■ **SOURCE INFORMATION**
•••••
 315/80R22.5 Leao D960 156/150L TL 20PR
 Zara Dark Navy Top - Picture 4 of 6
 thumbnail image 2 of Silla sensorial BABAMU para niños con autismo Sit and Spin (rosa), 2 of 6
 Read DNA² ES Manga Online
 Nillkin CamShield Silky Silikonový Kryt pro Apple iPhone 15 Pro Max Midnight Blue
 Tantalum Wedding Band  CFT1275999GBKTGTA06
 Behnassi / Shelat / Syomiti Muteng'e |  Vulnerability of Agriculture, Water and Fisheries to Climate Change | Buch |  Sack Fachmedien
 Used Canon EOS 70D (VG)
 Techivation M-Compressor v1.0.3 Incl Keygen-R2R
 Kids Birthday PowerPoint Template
•••••
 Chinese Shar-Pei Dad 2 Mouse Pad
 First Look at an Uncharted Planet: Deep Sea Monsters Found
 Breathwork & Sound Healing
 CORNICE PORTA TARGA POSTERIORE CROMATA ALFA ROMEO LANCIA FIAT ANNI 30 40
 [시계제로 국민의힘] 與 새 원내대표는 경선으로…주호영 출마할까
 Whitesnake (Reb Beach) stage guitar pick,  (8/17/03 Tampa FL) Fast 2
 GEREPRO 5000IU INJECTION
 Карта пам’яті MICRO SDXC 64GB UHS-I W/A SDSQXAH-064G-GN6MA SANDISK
•••••
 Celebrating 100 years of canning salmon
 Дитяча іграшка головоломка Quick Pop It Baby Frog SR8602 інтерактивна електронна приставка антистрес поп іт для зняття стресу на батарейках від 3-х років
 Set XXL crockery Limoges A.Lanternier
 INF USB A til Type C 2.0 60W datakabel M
•••••
■ **PROBLEM STATEMENT**
Look above for the line with "Techivation M-Compressor v1.0.3" and the line with "Kids Birthday PowerPoint Template". Write out those two lines and all the lines between them, exactly, and no others.

■ **ANSWER FOR THE TASK**
 Techivation M-Compressor v1.0.3 Incl Keygen-R2R
 Kids Birthday PowerPoint Template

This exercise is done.